Community Detection with Known, Unknown, or Partially Known Auxiliary Latent Variables
This addresses the challenge of improving community detection accuracy in networks with nuisance parameters, representing an incremental advance in graph analysis methods.
The paper tackles the problem of community detection in graphs where residual dependencies beyond community membership are modeled by auxiliary latent variables, analyzing exact recovery conditions and proposing a semidefinite programming algorithm that achieves recovery down to the maximum likelihood threshold.

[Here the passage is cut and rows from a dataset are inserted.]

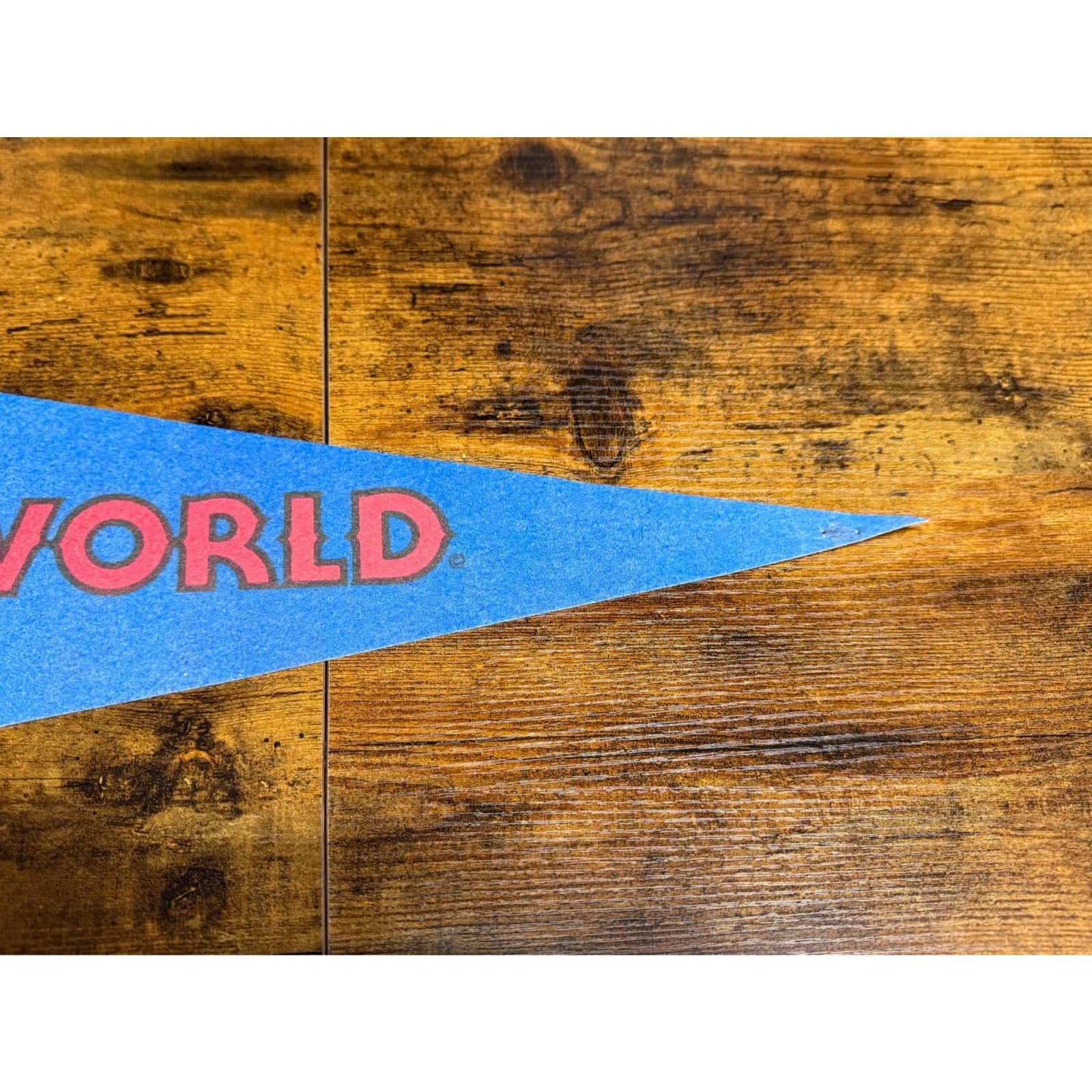Vintage Ringling Brothers and Barnum and Bailey Circus World Florida pennant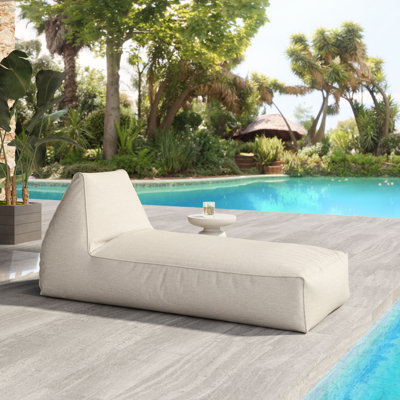 Chaise longue beige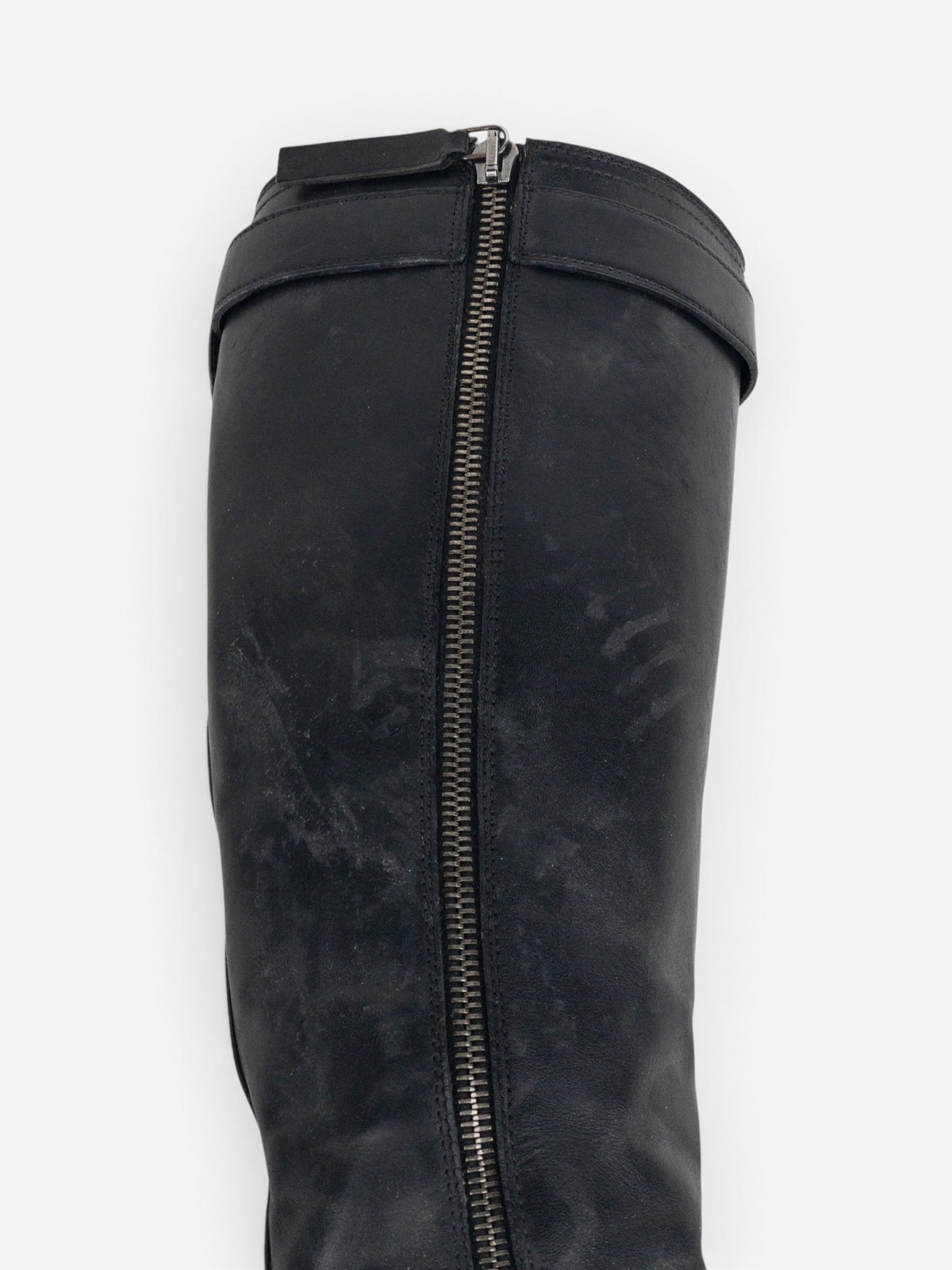 Prada 2000s Knee High Double-Buckle Riding Boots – detail view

Empirical observations suggest that in practice, community membership does not completely explain the dependency between the edges of an observation graph. The residual dependence of the graph edges are modeled in this paper, to first order, by auxiliary node latent variables that affect the statistics of the graph edges but carry no information about the communities of interest. We then study community detection in graphs obeying the stochastic block model and censored block model with auxiliary latent variables. We analyze the conditions for exact recovery when these auxiliary latent variables are unknown, representing unknown nuisance parameters or model mismatch. We also analyze exact recovery when these secondary latent variables have been either fully or partially revealed. Finally, we propose a semidefinite programming algorithm for recovering the desired labels when the secondary labels are either known or unknown. We show that exact recovery is possible by semidefinite programming down to the respective maximum likelihood exact recovery threshold.